[[ The data open ]]

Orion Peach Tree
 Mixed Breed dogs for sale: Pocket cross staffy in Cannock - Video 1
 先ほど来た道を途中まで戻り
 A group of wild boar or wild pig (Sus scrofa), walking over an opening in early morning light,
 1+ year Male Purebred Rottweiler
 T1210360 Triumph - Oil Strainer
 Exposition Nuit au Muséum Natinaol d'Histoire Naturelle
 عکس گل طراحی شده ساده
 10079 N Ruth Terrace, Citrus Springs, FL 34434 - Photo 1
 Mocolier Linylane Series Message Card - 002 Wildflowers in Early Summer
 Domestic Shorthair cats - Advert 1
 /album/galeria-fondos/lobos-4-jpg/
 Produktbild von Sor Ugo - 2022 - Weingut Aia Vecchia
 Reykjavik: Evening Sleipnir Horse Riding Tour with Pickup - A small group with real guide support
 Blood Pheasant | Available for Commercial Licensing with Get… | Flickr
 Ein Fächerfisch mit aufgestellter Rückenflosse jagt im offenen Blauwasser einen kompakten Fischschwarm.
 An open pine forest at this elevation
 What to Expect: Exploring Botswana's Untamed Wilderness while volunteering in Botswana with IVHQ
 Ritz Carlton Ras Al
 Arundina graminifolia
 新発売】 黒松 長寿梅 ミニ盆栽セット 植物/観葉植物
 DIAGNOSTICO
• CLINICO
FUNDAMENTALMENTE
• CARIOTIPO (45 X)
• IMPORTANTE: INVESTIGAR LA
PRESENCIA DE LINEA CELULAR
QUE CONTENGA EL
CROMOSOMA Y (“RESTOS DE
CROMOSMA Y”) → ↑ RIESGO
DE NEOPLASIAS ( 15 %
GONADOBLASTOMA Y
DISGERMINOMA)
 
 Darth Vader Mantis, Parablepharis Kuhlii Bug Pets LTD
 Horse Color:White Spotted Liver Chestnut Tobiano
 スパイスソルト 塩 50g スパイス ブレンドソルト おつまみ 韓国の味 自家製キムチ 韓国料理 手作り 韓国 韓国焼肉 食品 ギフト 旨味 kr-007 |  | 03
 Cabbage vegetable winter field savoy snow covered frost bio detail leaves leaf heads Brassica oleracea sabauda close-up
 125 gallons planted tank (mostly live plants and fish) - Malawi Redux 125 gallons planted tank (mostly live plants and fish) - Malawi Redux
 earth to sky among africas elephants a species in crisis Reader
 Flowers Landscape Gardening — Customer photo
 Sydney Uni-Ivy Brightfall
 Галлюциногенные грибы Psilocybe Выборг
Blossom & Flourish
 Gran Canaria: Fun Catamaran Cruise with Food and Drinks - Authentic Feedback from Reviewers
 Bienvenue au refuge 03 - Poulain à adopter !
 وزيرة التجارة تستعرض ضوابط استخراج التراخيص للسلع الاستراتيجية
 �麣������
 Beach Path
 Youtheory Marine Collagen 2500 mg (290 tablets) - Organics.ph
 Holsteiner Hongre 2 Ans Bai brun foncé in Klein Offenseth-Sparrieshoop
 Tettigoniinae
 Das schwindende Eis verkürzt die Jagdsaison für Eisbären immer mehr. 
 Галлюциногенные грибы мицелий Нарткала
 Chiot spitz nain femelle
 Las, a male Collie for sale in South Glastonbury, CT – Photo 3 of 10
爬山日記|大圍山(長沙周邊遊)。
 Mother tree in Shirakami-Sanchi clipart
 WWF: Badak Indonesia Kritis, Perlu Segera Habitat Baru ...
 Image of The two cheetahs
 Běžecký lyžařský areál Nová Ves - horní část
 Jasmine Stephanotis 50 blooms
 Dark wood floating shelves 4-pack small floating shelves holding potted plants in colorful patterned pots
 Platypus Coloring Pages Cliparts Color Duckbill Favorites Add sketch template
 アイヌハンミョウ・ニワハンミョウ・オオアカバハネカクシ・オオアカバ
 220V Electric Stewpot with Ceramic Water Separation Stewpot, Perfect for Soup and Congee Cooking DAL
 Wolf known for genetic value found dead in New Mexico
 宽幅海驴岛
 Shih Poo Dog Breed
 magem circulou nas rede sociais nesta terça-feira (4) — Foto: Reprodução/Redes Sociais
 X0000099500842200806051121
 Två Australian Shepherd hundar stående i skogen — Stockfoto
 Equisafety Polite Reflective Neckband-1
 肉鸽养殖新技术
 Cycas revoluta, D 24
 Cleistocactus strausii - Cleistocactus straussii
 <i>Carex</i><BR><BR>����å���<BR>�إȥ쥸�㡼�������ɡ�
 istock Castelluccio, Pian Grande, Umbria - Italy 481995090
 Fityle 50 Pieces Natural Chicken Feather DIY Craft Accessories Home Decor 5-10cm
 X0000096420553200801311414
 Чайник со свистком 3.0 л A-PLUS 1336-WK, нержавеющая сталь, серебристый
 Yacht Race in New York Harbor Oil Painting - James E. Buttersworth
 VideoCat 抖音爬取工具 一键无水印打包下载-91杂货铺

[[ The data closed ]]

• Task description
If a line contains the word "small", it counts; say how many such lines the records hold, and give only that number.

• Answer section
2